(Image-caption web data)
= = = = =

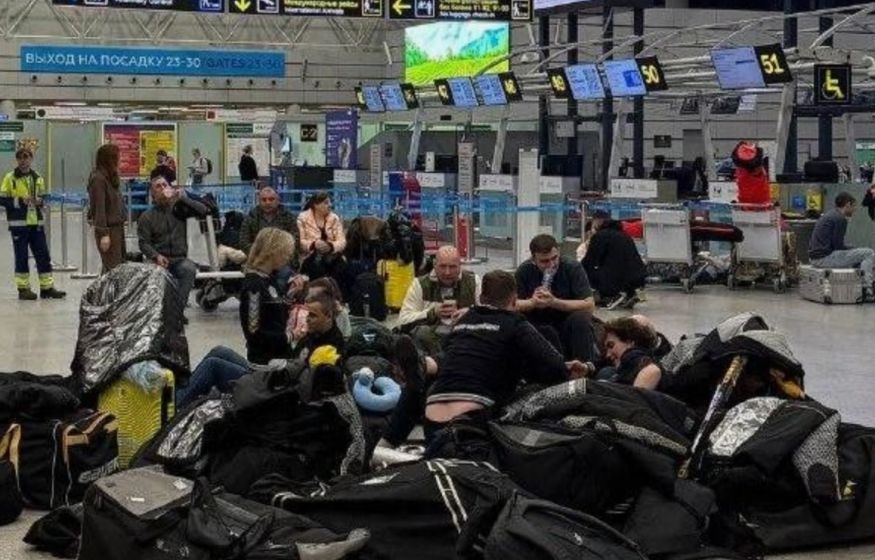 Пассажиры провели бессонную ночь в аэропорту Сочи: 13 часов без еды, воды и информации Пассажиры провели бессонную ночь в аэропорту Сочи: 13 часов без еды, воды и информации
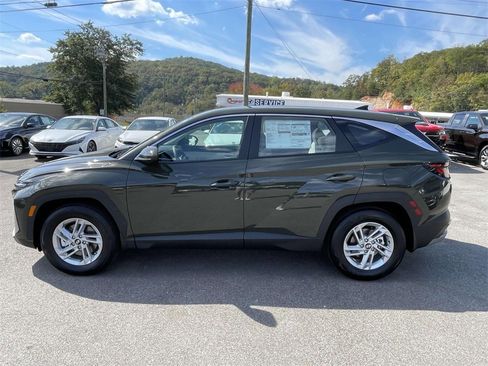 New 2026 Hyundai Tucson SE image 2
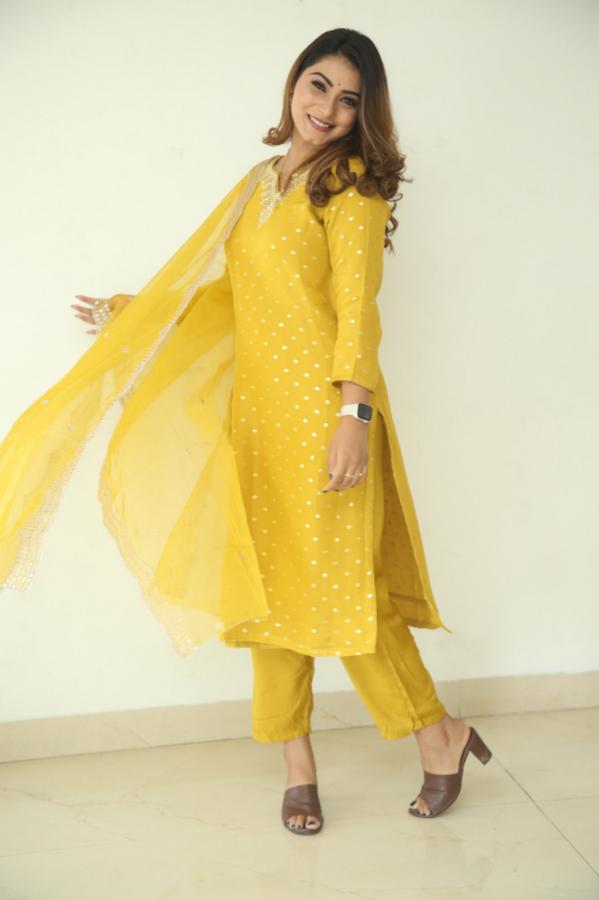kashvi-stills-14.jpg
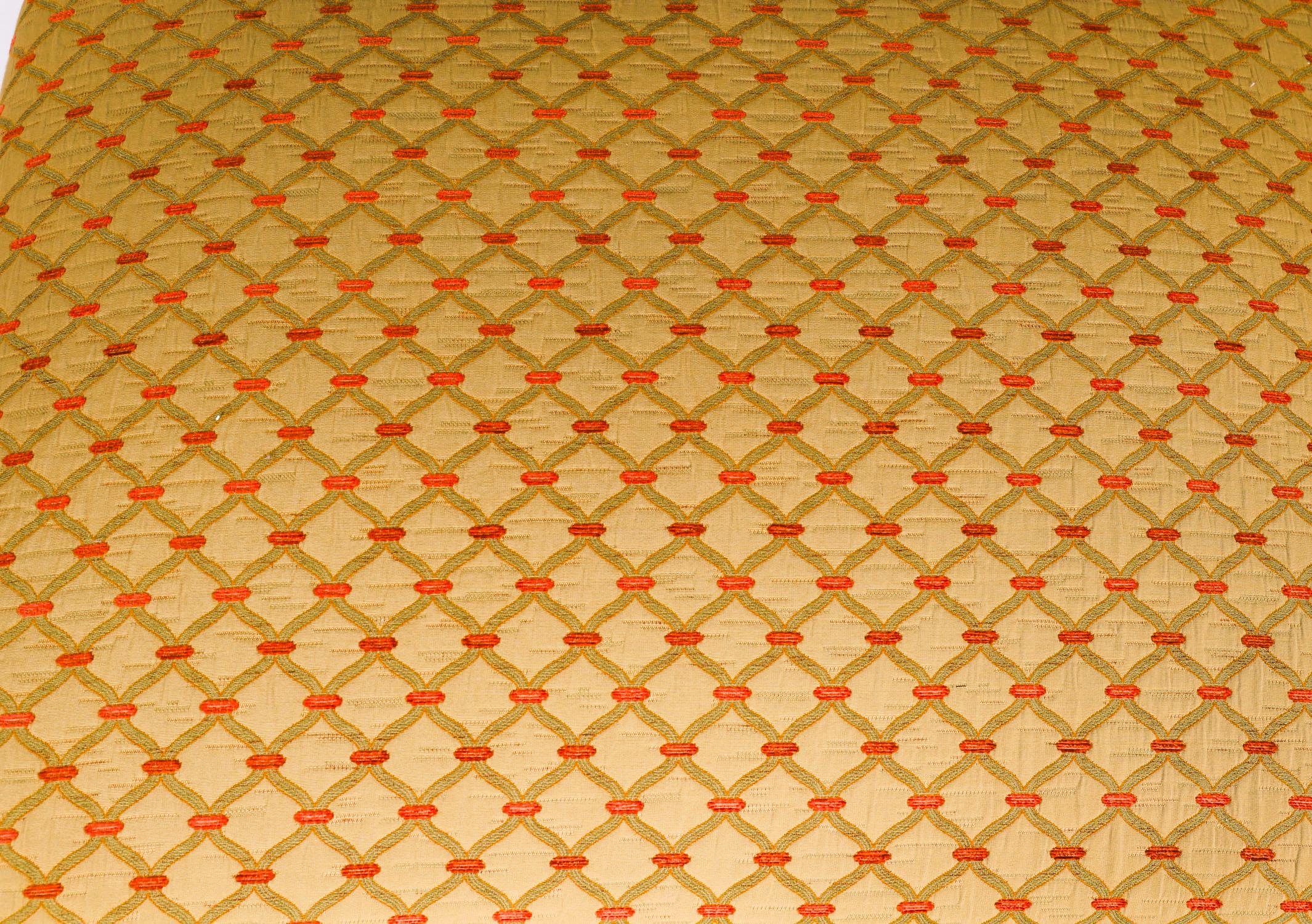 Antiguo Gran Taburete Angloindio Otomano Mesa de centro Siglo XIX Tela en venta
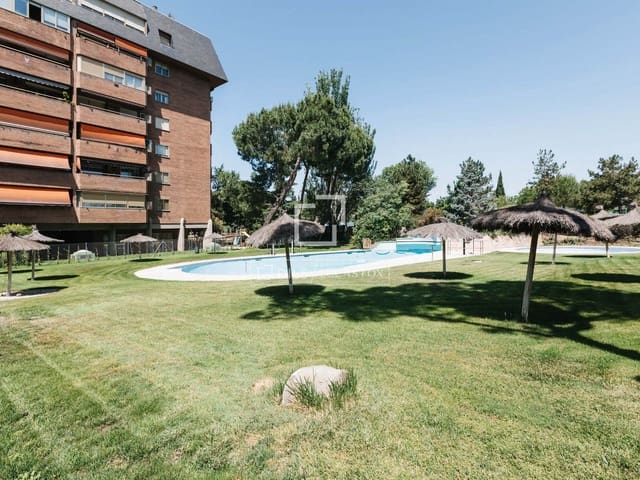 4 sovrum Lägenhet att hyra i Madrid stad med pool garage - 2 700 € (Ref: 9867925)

= = = = =

Restate every line of the data above word for word, with the images removed.

*Written solution*
 Пассажиры провели бессонную ночь в аэропорту Сочи: 13 часов без еды, воды и информации Пассажиры провели бессонную ночь в аэропорту Сочи: 13 часов без еды, воды и информации
 New 2026 Hyundai Tucson SE image 2
kashvi-stills-14.jpg
 Antiguo Gran Taburete Angloindio Otomano Mesa de centro Siglo XIX Tela en venta
 4 sovrum Lägenhet att hyra i Madrid stad med pool garage - 2 700 € (Ref: 9867925)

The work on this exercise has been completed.